START Information shown

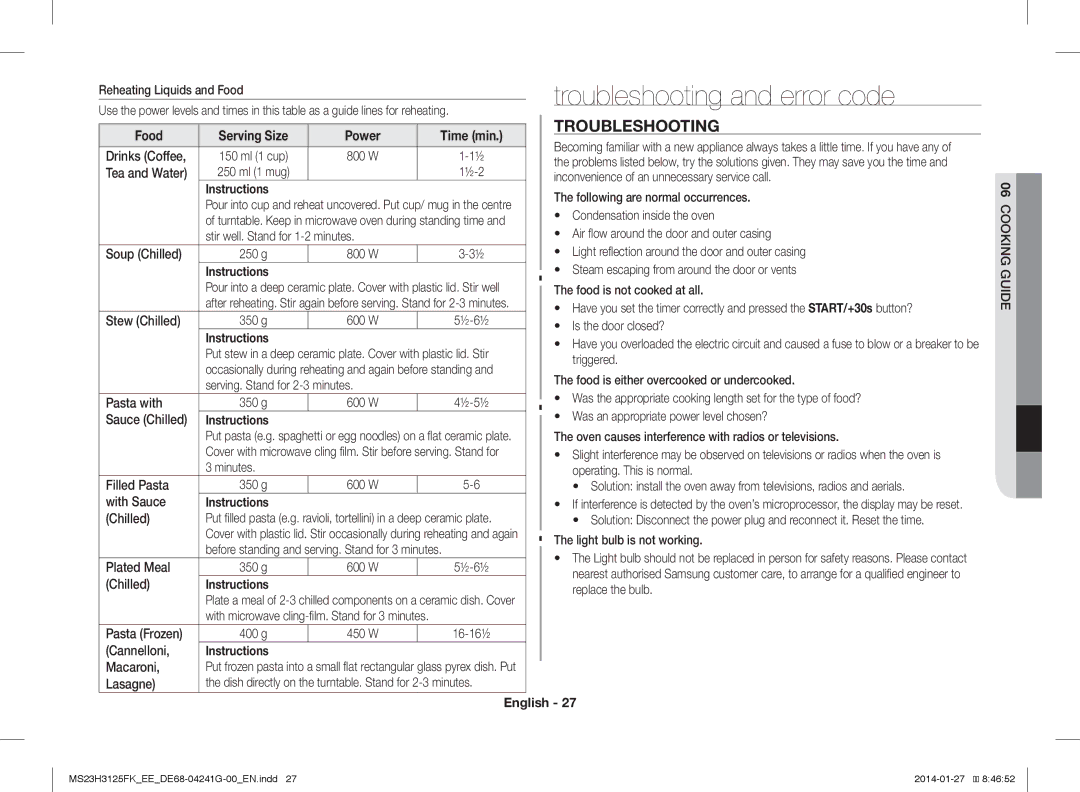 Samsung MS23H3125FK/EE manual Troubleshooting and error code, Time min 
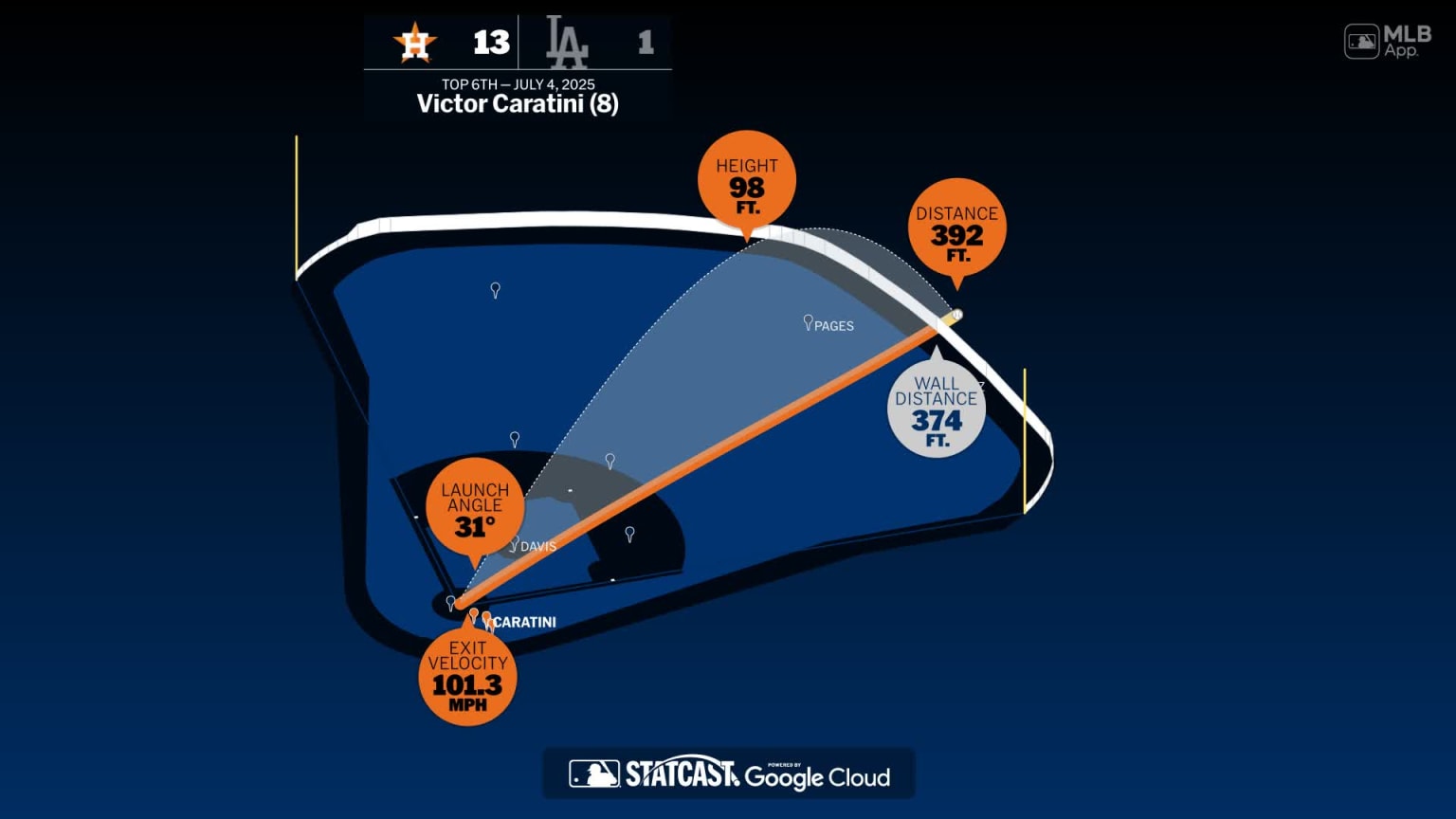The distance behind Victor Caratini's home run | 07/04/2025 | MLB.com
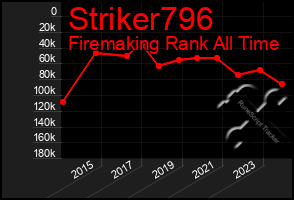 Total Graph of Striker796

END Information shown

How to complete this task:
Without including any picture, reproduce the material above word for word.

Response below:
 Samsung MS23H3125FK/EE manual Troubleshooting and error code, Time min 
The distance behind Victor Caratini's home run | 07/04/2025 | MLB.com
 Total Graph of Striker796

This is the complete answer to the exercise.